Es ist wohl vorrangig dem ausführlich beschriebenen Krankheitsbild und dem Wesen der Tochter zuzuschreiben, dass sie auch jüngst, also nach bereits erfolgtem Therapiebeginn und nach mehrfachen professionellen Beratungs- und Unterstützungsgesprächen, zwar anfänglich eine XXX besucht hat, es aber zunehmend zu unregelmäßigem und verspätetem Besuch der Tagesklinik und auch wiederum zu Fehltagen in der Schule gekommen ist.

Zusammengefasst bestehen daher in Berücksichtigung der Gesamtsituation Zweifel an dem zugrundegelegten Umstand eines ungerechtfertigten Fernbleibens der Schülerin von der Schule und bestehen weiters vor allem erhebliche Zweifel an der Täterschaft des Beschuldigten, an seinem allfälligen Verschulden und insgesamt an der Verwirklichung der ihm zur Last gelegten Verwaltungsübertretung.

Es war daher der Beschwerde im Lichte des Grundsatzes in dubio pro reo Folge zu geben, das Straferkenntnis zu beheben und das Verwaltungsstrafverfahren gemäß § 45 Abs 1 Z 1 VStG einzustellen.

Die gegenständliche Entscheidung konnte gemäß § 44 Abs 2 und 3 VwGVG ohne Durchführung einer öffentlichen mündlichen Verhandlung getroffen werden, zumal der mit Beschwerde angefochtene Bescheid aufzuheben war, im angefochtenen Straferkenntnis eine € 500,00 nicht übersteigende Geldstrafe verhängt wurde und keine Partei die Durchführung einer mündlichen Verhandlung beantragt hat.

Es war spruchgemäß zu entscheiden.

Unzulässigkeit der ordentlichen Revision:

Die ordentliche Revision ist unzulässig, da keine Rechtsfrage im Sinne des Art. 133 Abs 4 B-VG zu beurteilen war, der grundsätzliche Bedeutung zukommt.

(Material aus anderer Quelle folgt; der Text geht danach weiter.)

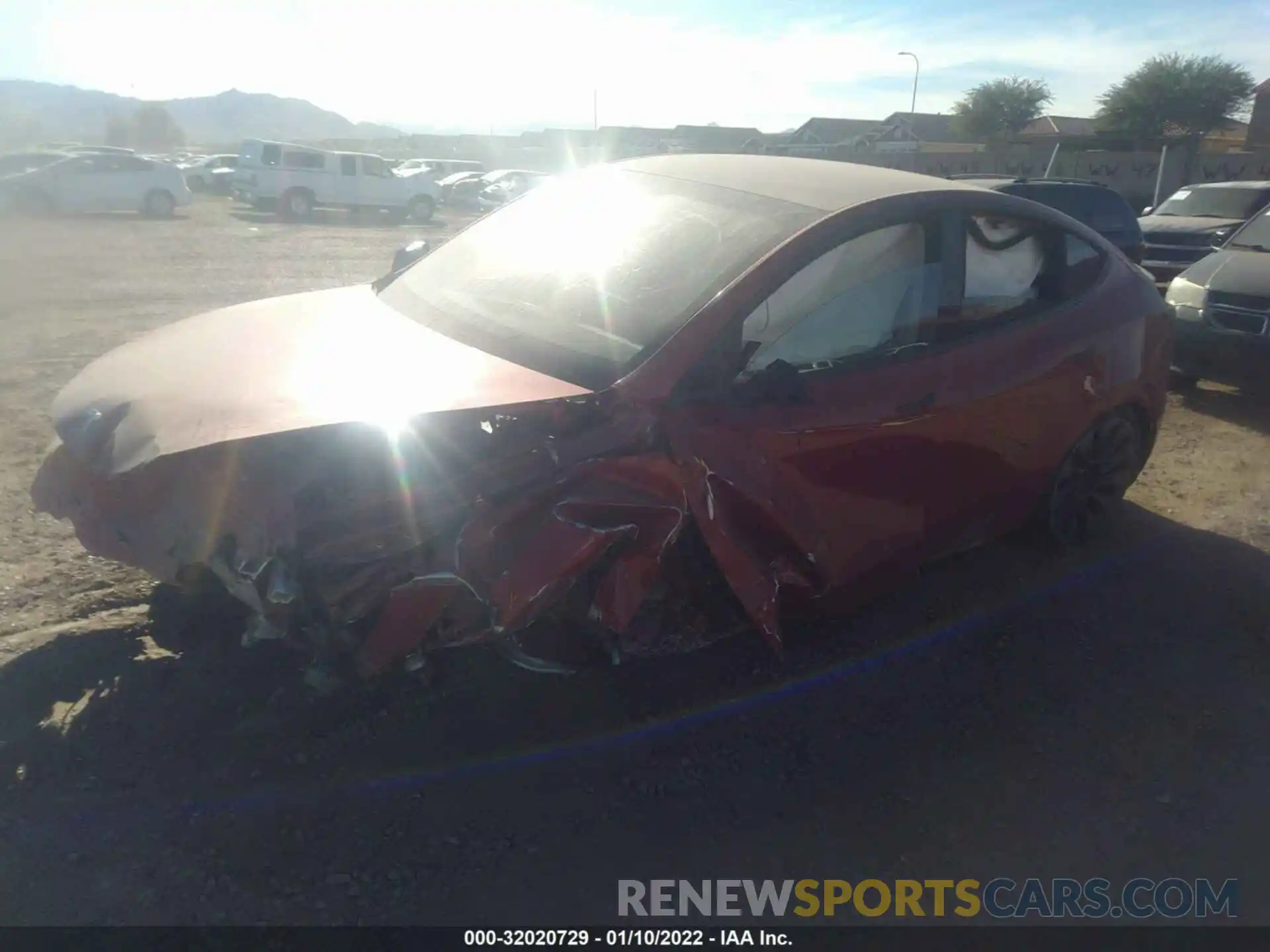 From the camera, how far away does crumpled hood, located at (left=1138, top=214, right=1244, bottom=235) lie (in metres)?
12.7

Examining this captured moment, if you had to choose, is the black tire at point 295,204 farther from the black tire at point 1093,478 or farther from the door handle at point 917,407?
the door handle at point 917,407

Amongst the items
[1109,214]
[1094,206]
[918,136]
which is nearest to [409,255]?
[1094,206]

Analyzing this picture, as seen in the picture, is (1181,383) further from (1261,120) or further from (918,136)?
(918,136)

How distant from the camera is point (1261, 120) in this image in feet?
156

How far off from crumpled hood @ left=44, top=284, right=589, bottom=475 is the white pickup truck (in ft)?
77.5

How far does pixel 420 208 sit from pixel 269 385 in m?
25.5

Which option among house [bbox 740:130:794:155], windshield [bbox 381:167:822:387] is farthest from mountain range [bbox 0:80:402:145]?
windshield [bbox 381:167:822:387]

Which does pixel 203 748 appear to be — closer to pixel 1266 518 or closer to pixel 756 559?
pixel 756 559

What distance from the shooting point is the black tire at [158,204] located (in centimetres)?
2255

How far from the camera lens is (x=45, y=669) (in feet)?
10.6

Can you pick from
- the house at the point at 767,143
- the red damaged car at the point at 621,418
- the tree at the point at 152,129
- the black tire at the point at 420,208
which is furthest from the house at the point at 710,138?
the tree at the point at 152,129

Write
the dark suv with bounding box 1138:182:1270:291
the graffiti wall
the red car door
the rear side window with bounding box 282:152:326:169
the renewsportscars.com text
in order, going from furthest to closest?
the graffiti wall, the rear side window with bounding box 282:152:326:169, the dark suv with bounding box 1138:182:1270:291, the red car door, the renewsportscars.com text

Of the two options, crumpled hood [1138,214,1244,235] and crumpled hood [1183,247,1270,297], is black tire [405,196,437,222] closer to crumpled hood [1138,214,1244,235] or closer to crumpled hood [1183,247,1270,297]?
crumpled hood [1138,214,1244,235]

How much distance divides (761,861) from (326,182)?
2633 cm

Weder weicht die gegenständliche Entscheidung von der bisherigen Rechtsprechung des Verwaltungsgerichtshofes ab, noch fehlt es an einer Rechtsprechung. Weiters ist die dazu vorliegende Rechtsprechung des Verwaltungsgerichtshofes auch nicht als uneinheitlich zu beurteilen. Ebenfalls liegen keine sonstigen Hinweise auf eine grundsätzliche Bedeutung der zu lösenden Rechtsfrage vor.